Dal blog https://www.lafionda.org/
25 Lug , 2025|Giuseppe Libutti
Le trasformazioni urbane non sono solo una questione tecnica o estetica: sono l’effetto di scelte politiche profonde. In assenza di visione e di partecipazione, si afferma un modello di città escludente, subordinato al mercato. Serve una nuova idea di politica, capace di rigenerarsi dai territori.
L’inchiesta sul tanto celebrato “modello Milano”, che ipotizza un sistema di favori, incontri riservati e scambi opachi tra amministratori pubblici e grandi operatori immobiliari, non rappresenta un caso isolato né, purtroppo, sorprendente. Si inserisce, piuttosto, in un quadro sempre più evidente: quello di grandi città italiane piegate agli interessi della rendita e del capitale finanziario, incapaci di difendere l’interesse collettivo e la funzione pubblica dell’urbanistica.

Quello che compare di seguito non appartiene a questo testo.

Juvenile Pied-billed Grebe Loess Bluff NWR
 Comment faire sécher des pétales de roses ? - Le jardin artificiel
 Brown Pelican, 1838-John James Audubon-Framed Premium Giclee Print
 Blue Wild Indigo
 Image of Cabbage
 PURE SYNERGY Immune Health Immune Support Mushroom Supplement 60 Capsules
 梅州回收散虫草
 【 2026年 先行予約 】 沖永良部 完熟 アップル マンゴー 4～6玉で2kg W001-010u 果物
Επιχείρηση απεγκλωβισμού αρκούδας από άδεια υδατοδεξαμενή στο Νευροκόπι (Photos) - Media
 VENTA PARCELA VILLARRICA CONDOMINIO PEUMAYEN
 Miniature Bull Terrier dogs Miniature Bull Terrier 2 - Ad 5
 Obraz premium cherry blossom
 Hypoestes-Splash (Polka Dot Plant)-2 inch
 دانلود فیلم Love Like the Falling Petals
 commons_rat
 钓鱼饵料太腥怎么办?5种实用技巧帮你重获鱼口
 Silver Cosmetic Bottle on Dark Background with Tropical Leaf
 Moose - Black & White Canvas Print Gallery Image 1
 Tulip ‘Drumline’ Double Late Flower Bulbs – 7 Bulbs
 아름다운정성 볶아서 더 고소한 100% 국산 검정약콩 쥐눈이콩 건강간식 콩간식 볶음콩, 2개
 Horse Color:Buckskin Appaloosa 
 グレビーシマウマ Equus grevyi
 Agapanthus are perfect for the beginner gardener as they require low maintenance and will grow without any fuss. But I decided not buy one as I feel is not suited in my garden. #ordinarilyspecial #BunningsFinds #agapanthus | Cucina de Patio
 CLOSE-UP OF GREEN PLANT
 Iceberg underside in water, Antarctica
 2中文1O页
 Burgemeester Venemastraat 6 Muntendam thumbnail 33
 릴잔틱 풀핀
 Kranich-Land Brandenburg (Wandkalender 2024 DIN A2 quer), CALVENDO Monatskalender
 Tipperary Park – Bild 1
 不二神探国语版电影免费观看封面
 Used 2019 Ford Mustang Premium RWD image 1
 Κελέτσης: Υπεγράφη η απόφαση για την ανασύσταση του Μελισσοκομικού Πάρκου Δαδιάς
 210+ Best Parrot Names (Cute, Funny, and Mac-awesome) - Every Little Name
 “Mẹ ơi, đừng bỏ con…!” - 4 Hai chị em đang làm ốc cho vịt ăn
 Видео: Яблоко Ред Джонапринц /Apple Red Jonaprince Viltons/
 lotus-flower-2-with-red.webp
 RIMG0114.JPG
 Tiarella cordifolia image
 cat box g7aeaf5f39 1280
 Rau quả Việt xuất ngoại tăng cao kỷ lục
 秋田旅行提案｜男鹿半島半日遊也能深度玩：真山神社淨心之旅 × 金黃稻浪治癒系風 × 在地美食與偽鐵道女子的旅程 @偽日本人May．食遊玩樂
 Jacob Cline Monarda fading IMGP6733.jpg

Il punto non è qui la responsabilità penale, che spetta alla magistratura accertare, ma la dimensione politica del problema. Da tempo, le principali amministrazioni urbane del Paese sembrano operare non come soggetti pubblici autonomi, ma come facilitatori delle strategie immobiliari dei grandi gruppi finanziari. La pianificazione viene spesso svuotata della sua funzione regolatrice per diventare uno strumento di valorizzazione economica, subordinato agli interessi privati.
Un anno fa, in un contributo dedicato a Roma, denunciavo dinamiche molto simili. Nella Capitale, la nascita della fondazione “Roma Regeneration” – promossa da tre grandi SGR come DeA Capital, Investire e Fabrica – veniva presentata come laboratorio per la rigenerazione urbana, ma nei fatti si configurava come un progetto pienamente coerente con un’idea di città intesa come prodotto finanziario. Il consenso con cui tale iniziativa fu accolta dalla maggioranza capitolina, senza confronto pubblico né reale coinvolgimento dei cittadini, dimostra quanto le istituzioni siano ormai permeabili agli interessi dei fondi speculativi.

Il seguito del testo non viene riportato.